- Abbreviation: YSA
- Founded: April 1960; 66 years ago
- Dissolved: 1992; 34 years ago
- Merged into: Socialist Workers Party
- Succeeded by: Young Socialists
- Ideology: Trotskyism
- Political position: Far-left
- Parent organization: Socialist Workers Party

= Young Socialist Alliance =

Youth group for Trotskyist political party

The Young Socialist Alliance (YSA) was a Trotskyist youth group of the Socialist Workers Party (SWP) in the United States of America. It was founded in 1960, although it had roots going back several years earlier. It was dissolved in 1992. In 1994, the SWP created a youth organization called the Young Socialists (YS).

YSA membership peaked in 1971 at 1,434.

== History ==

=== Origins ===
The origins of the YSA were in an alliance of younger SWP members with others in the aftermath of the Hungarian Revolution of 1956. The principal other component was a group from the Young Socialist League, the youth group of the Independent Socialist League. The principal figures from the YSL were Tim Wohlforth, Shane Mage, and James Robertson, who joined young SWP members (hence the word "alliance") to found the "Young Socialist" newspaper. A founding YSA conference was held in April 1960 in Philadelphia, though local Young Socialist supporter groups had already existed in several cities for a few years.
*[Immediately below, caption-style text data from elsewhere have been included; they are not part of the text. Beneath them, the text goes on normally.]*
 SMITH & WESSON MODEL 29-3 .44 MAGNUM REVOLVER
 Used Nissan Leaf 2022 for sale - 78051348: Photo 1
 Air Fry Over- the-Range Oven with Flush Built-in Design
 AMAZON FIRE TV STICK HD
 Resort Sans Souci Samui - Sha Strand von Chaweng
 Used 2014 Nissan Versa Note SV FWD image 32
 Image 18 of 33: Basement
The initial YSA central leadership comprised two rival groups: Wohlforth, Robertson, and Mage, who had come over from the YSL, and SWP-majority supporters represented by Nora Roberts, Bert Deck, and others. At the second YSA convention, in Chicago in 1961, the SWP central leadership arranged the removal of Wohlforth and Robertson from the YSA on age grounds and replaced the initial majority group with Barry Sheppard and Peter Camejo, with Sheppard as national chairman and Camejo as national secretary. At that time the YSA had about 150 members.

=== Activities ===
An early YSA activity was a national campaign in defense of three of its members who were students at Indiana University in Bloomington, Tom Morgan, Ralph Levitt, and Jim Bingham, who were indicted in 1963 under a little used anticommunist statute. The students were eventually acquitted.

At the YSA's fourth convention, held over the 1964-65 New Year weekend in Chicago, Jack Barnes succeeded Barry Sheppard as YSA national chairman. Barnes had joined the SWP in Minneapolis while a student at Carleton College in Minnesota. He in turn recruited a number of fellow students, including several who went on to become prominent in the Socialist Workers Party leadership of the next two decades.

The YSA had substantial influence in the anti-Vietnam War movement between 1965 and the early 1970s, including near complete control over the Student Mobilization Committee to End the War in Vietnam, a national campus organization with a peak membership of some 100,000.

In 1970, YSA members attempted to take control of women's liberation group Cell 16.

=== Decline ===
The organization went into rapid decline with the end of the Vietnam War in 1975. By 1980 its membership had fallen to 468, of whom only about 275 were not also SWP members. The YSA formally dissolved in 1992.

In 1994, the SWP created a new youth organization called the Young Socialists.

In 1999, the Young Socialists affiliated with the World Federation of Democratic Youth.